Root Directory Contents
Datasets/
Contains input datasets, including velocity models, seismic traces, and configurations. Detailed information is provided in Datasets/HowToReadDatasetFiles.md.txt.
DataWarmUp/
Holds results from compressor calibration experiments, including raw data, logs, and the compiled .xlsx summaries. Experiments were conducted with two shots. See DataWarmUp/README.md.txt for more information.
GeometryScript/
Utility script for rendering shot distributions in the datasets. Helpful in visualizing experiment setups.
NSight/
This folder contains a subset of Nsight profiling files for the Marmousi3D dataset, covering all compressors and a cache size of two across all checkpointing algorithms. If needed, contact the authors for additional profiling data.
Quality/
Contains the results for all shots for quality assessment (Section 7.6). See Quality/README.md.txt.
TimeBreakdown/
Complete results for Section 7.4 of the GPUZIP v2.0 article. This folder includes detailed breakdowns of two-shot experiments. See TimeBreakdown/README.md.txt for details.
SpeedupAndMemory.xlsx
Comprehensive data used to generate charts in Figure 6 and Table 4 (Sections 7.2 and 7.1) of the article.

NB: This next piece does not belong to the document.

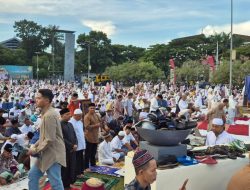 Setelah 25 Tahun, Warga Muslim Ambon Kembali Gelar Sholat Idul Fitri di Lapangan Merdeka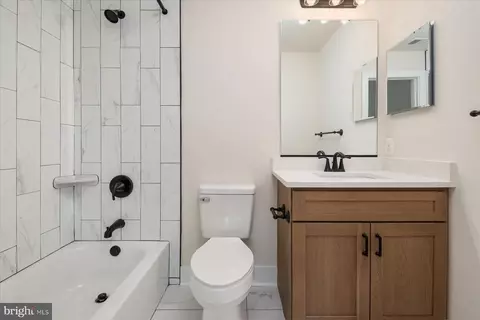 Bath - 947 Marzoff Rd, Deale, MD 20751 photo 2 of 6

Extra: Util for Unzipping All Files
We provide a simple script to unzip all files so that data exploration can be more fluid. Feel free to use it.
Windows (.bat)
@echo off
setlocal enabledelayedexpansion
for /r %%f in (*.zipfile) do (
echo Decompressing: %%f
powershell -Command "Expand-Archive -Path '%%f' -DestinationPath '%%~dpf' -Force"
if not errorlevel 1 (
echo Decompressed successfully: %%f
del "%%f"
) else (
echo Failed to decompress: %%f
)
)
echo All zip files processed.
pause
Shell script (MacOS, Linux, Unix)
#!/bin/bash
find . -type f -name "*.zipfile" | while read -r zipfile; do
echo "Decompressing: $zipfile"
unzip -o "$zipfile" -d "$(dirname "$zipfile")"
if [ $? -eq 0 ]; then
echo "Successfully decompressed: $zipfile"
rm "$zipfile"
else
echo "Failed to decompress: $zipfile"
fi
done
echo "All zip files processed."
How Do I Read .bin, .data, and .su Files?
See: Datasets/HowToReadDatasetFiles.md.txt
How Do I Read .par and .hdr Files?
See: Datasets/HowToReadDatasetFiles.md.txt
How to Interpret Log Files?
To analyze cache hits, misses, and memory consumption, refer to the logs in the TimeBreakdown folder (decom-*.txt files). Key metrics can be extracted as follows:
- Cache Hits: Search for
RET_HIT.
- Cache Misses: Search for
RET_MIS.
- Prefetched Items: Search for
===> Prefetching:.
- Prefetch Action Vector (PAV): Search for
PAV:.
- Memory Consumption: Search for
[MEM_TRACK].
- Checkpoint Pool Size: Search for
Checkpoint Pool Size.
Each log file concludes with a summary from Nsight.